HS2 ltd has revealed the initial images of its first two Tunnel Boring Machines (TBMs) set to launch on the project later this year
The Tunnel Boring Machines are 170m in length, and each one weighs roughly 2,000 tonnes.
When they start, they will run non-stop for 3.5 years and the tunnels will go as deep as 80m below the ground.
The public is being invited to vote for their favourite name for the Tunnel Boring Machines from a shortlist of three chosen by local school children and inspired by female scientific and medical pioneers.
The names are:
Cecilia – named after Cecilia Payne-Gaposchkin, the astronomer and astrophysicist born in Buckinghamshire who became chair of astronomy at Harvard University in the United States.
Florence – named after Florence Nightingale, the founder of modern nursing, who spent many years in Claydon, Buckinghamshire where she wrote numerous books on nursing.

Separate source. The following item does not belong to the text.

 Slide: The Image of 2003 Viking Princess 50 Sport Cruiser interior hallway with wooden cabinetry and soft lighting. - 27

Marie – named after Marie Curie, the first woman to win a Nobel Prize, and the first person and the only woman to win the Nobel Prize twice.
Innovation in design
Mark Thurston, chief executive of HS2 Ltd, said: “The construction of HS2 is set to be an amazing opportunity to showcase global capability and innovation in the design and delivery of major infrastructure, and the Tunnel Boring Machines are one of the most fascinating aspects.
“Like mini cities, they will spend 24 hours a day, seven days a week boring under the Chilterns so that the homes and habitats above remain undisturbed.

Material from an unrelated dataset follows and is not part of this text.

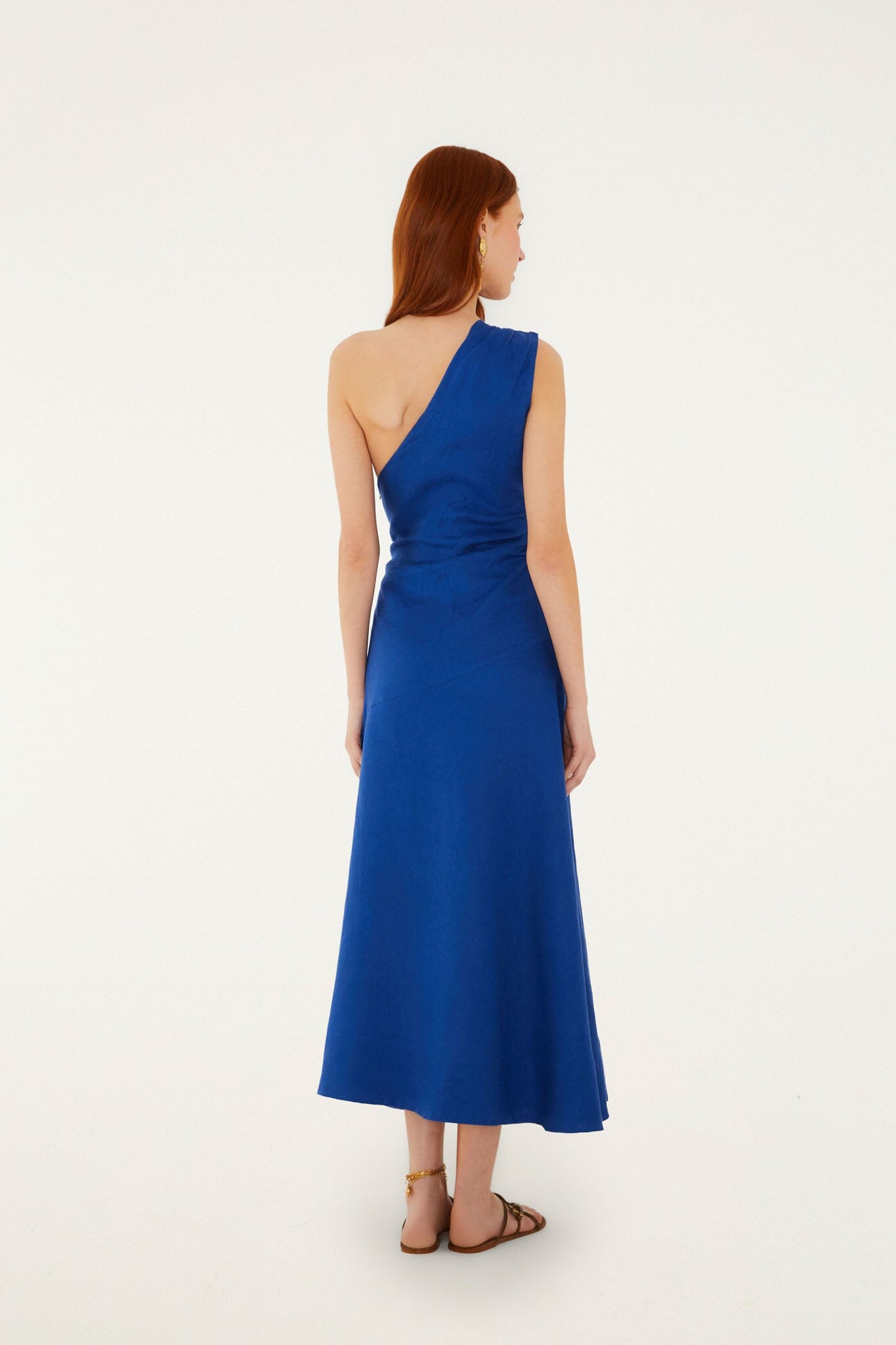FARM Rio model wearing the Blue Seahorse Embroidery One-Shoulder Euroflax Premium Linen Maxi Dress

“This is just one of many ways in which HS2 is delivering on its responsibilities to our neighbours and the natural environment and, when complete, the new railway will play a key role in reducing transport carbon emissions and improving air quality for the next generation.”
The Tunnel Boring Machines are being built by Herrenknecht in Germany. Their names are being chosen now so they can be added to the machines during their manufacture, ready for when they emerge out of the factory.
The first two machines will be disassembled before beginning their journey to Britain. Once they have arrived on site, each TBM will be reassembled, ready for launch.